Le rendez-vous avec un livre obéit souvent à des règles capricieuses : on ouvre celui-ci sans tarder, celui-là, on le réserve à certaines circonstances, à une certaine humeur. Ce que j’avais lu sur L’année de la pensée magique de Joan Didion (2005, traduit de l’anglais (Etats-Unis) par Pierre Demarty) m’avait décidée à la lire, mais quelle était la bonne saison pour entrer dans ce livre de deuil ?
Photo de famille à Malibu, 1976
C’est la catastrophe la plus redoutée : voir disparaître la personne avec qui on partage sa vie. « La vie change vite. La vie change dans l’instant.
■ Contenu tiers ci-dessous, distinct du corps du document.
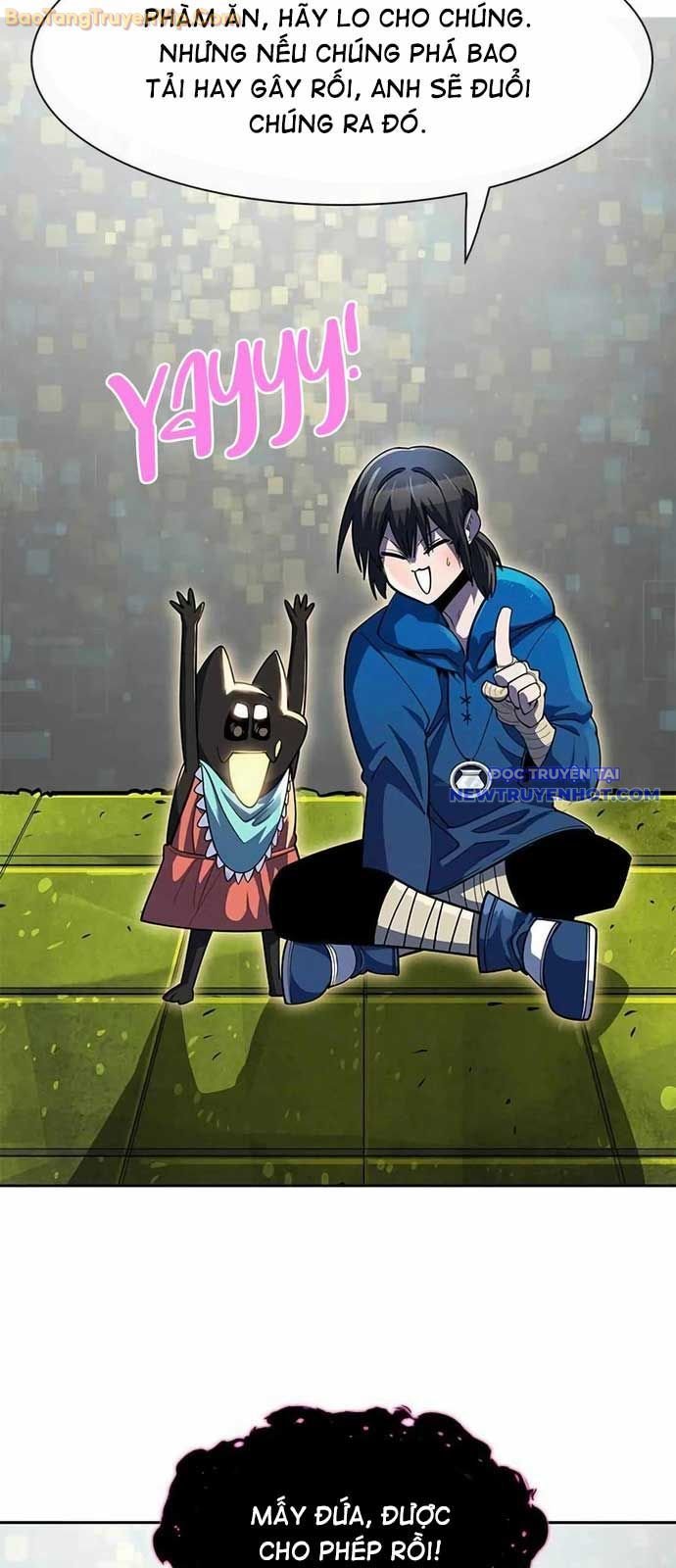 Tôi Chỉ Là Người Khuân Vác Trong Hầm Ngục: Chapter 7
On s’apprête à dîner et la vie telle qu’on la connaît s’arrête. La question de l’apitoiement. » Ces phrases ouvrent le récit de Joan Didion, les premiers mots qu’elle a écrits après la mort de son mari, John Gregory Dunne, le 30 décembre 2003, vers neuf heures du soir, victime d’une attaque coronarienne, à la table où ils allaient dîner.
Comment cela s’est-il passé ? Comment un instant « ordinaire » devient-il autre chose, qu’on n’a jamais connu ? Joan Didion veut rendre au plus près ce bouleversement dont on n’a aucune idée, quand bien même on l’a observé chez d’autres. Ce n’est pas du tout un livre de lamentations, de regrets, c’est une approche de l’indicible expérience de la perte, un effort de compréhension, un exercice nécessaire pour elle, une manière de reprendre sa vie en main : raconter une année sans lui.
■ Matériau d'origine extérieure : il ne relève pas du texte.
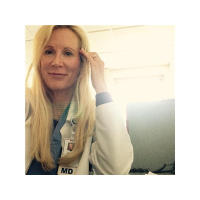 Zoë Lewis, MD, Internist, Dementia, Hospice  Palliative Medicine specialist.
Quintana, leur fille, était depuis cinq jours aux soins intensifs pour une grippe sévère qui avait dégénéré brusquement en pneumonie. Ce mardi soir, ils venaient de rentrer de l’hôpital, John avait lu pendant qu’elle préparait le dîner, ils s’étaient assis à table. « John parlait – puis ne parla plus. »
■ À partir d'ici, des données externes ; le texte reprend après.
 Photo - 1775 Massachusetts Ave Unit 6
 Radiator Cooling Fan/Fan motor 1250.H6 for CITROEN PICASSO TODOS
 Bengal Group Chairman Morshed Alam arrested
Joan Didion est à la recherche des moindres faits, paroles, gestes qui ont précédé et suivi la crise fatale, l’appel des secours, l’intervention médicale sur place, puis aux urgences. Etrange de ne plus pouvoir en discuter avec John. « Parce que nous étions tous deux écrivains et travaillions tous deux à la maison, nos journées étaient rythmées par le son de nos voix. » Alors, ce silence, quand elle est rentrée du New York Hospital…
Pour sortir de la confusion, Joan Didion se documente : registre des concierges de l’immeuble, certificat de décès, rapport d’autopsie. Des souvenirs surgissent, qui semblent des présages, comme quand il lui avait demandé récemment de noter quelque chose pour lui puis ajouté : « Tu peux t’en servir si tu veux. » – « Que voulait-il dire ? Savait-il qu’il n’écrirait pas son livre ? »
« L’affliction ne connaît pas la distance. L’affliction se manifeste par vagues, par de brusques élans, des appréhensions soudaines qui font fléchir les genoux, aveuglent le regard et annihilent le cours de la vie normale. » Une amie est venue ce soir-là, a donné des coups de téléphone, a proposé de rester, mais elle a refusé. « J’avais besoin d’être seule pour qu’il puisse revenir. Ainsi commença pour moi l’année de la pensée magique. »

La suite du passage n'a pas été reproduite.